RAW DATA START

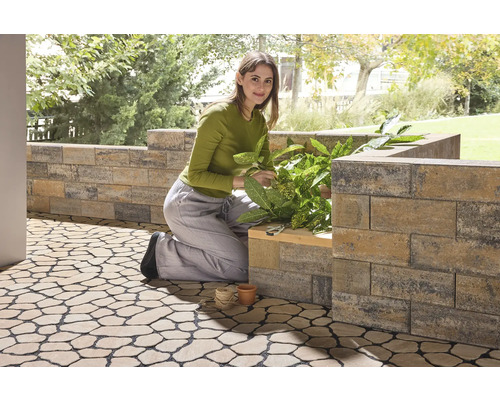 Femme travaille dans le jardin avec des pierres à planter et des dalles de sol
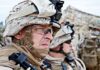 Soldiers in combat gear looking focused and attentive
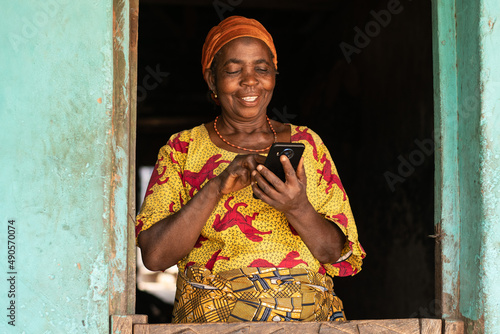 smiling elderly african woman using her phone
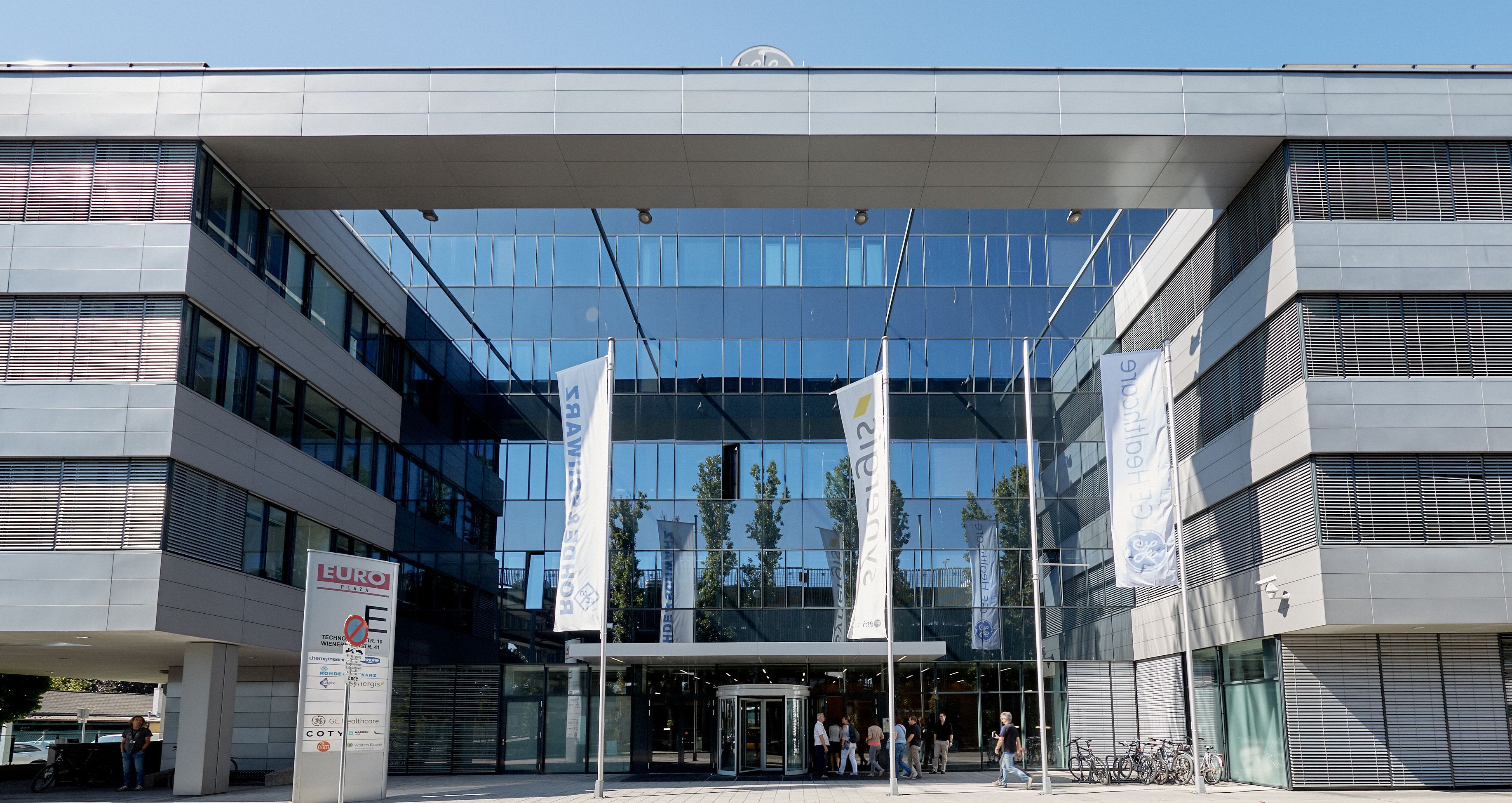 Foto: Eingangsportal eines modernen Bürogebäudes mit Alu-Glasfassade; vor dem Eingangsportal mit Drehtür stehen vier Fahnenmasten, an dreien von ihnen wehen Unternehmensfahnen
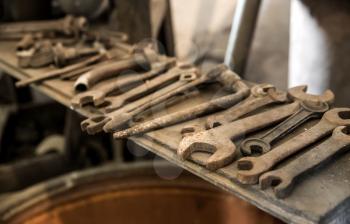 Old rusty wrenches and tools on the shelf, nobody. Metal rust, dirty spanners, corrosion, grungy equipment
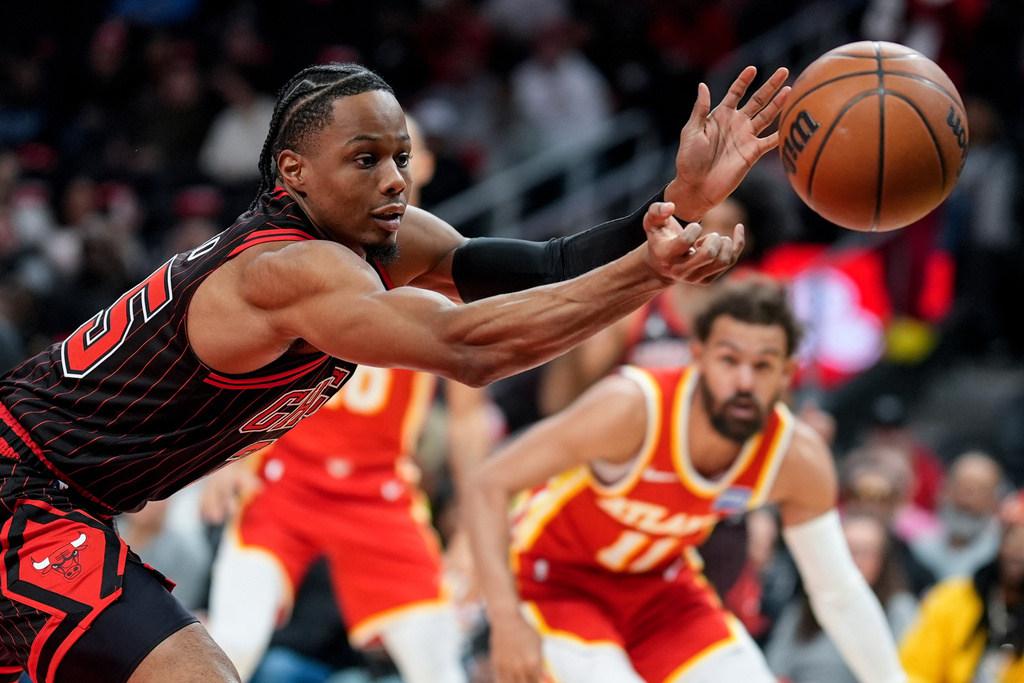 Chicago Bulls forward Isaac Okoro (35) vies for a loose ball against the Atlanta Hawks during the first half of an NBA basketball game, Tuesday, Dec. 23, 2025, in Atlanta. (AP Photo/Mike Stewart)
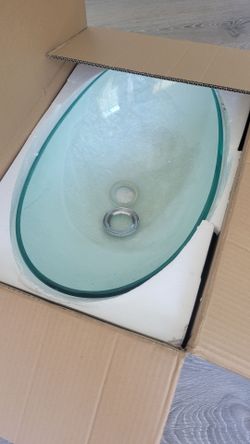 Two Clear Vessel Sinks With Black Faucets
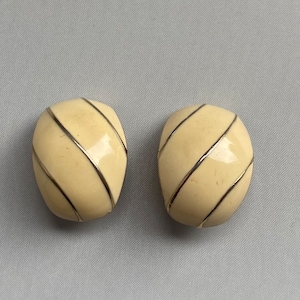May include: A pair of cream-colored clip-on earrings with gold-colored diagonal lines.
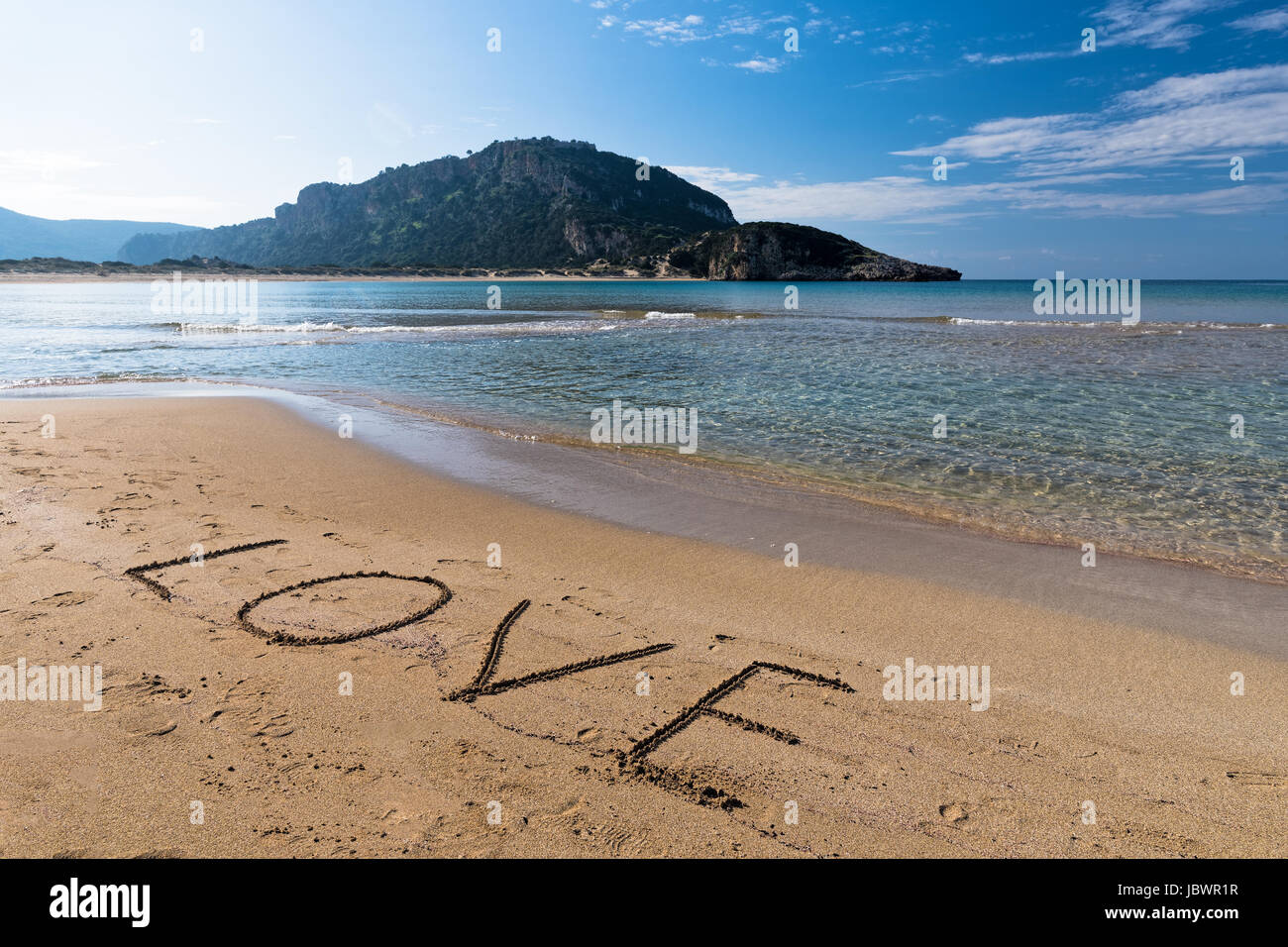 The word 'love', written on the sand of the famous Voidokilia beach in Peloponnese, one of the most beautiful beaches in Greece Stock Photo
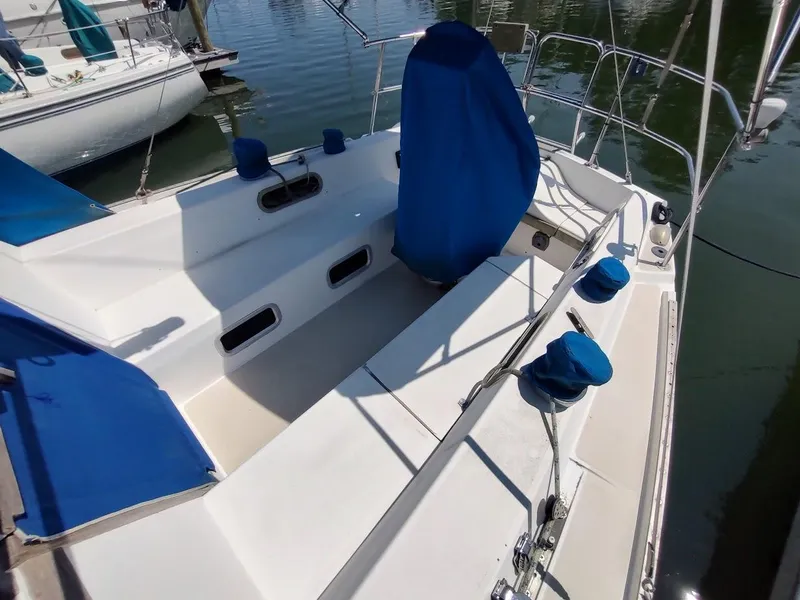 Slide: The Image of 1987 Catalina C-34 sailboat cockpit with blue covers, docked on calm water. - 12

RAW DATA END

- _DESCRIPTION OF THE TASK_: Print every record exactly, without the pictures.

- _RESULT_:
 Femme travaille dans le jardin avec des pierres à planter et des dalles de sol
 Soldiers in combat gear looking focused and attentive
 smiling elderly african woman using her phone
 Foto: Eingangsportal eines modernen Bürogebäudes mit Alu-Glasfassade; vor dem Eingangsportal mit Drehtür stehen vier Fahnenmasten, an dreien von ihnen wehen Unternehmensfahnen
 Old rusty wrenches and tools on the shelf, nobody. Metal rust, dirty spanners, corrosion, grungy equipment
 Chicago Bulls forward Isaac Okoro (35) vies for a loose ball against the Atlanta Hawks during the first half of an NBA basketball game, Tuesday, Dec. 23, 2025, in Atlanta. (AP Photo/Mike Stewart)
 Two Clear Vessel Sinks With Black Faucets
May include: A pair of cream-colored clip-on earrings with gold-colored diagonal lines.
 The word 'love', written on the sand of the famous Voidokilia beach in Peloponnese, one of the most beautiful beaches in Greece Stock Photo
 Slide: The Image of 1987 Catalina C-34 sailboat cockpit with blue covers, docked on calm water. - 12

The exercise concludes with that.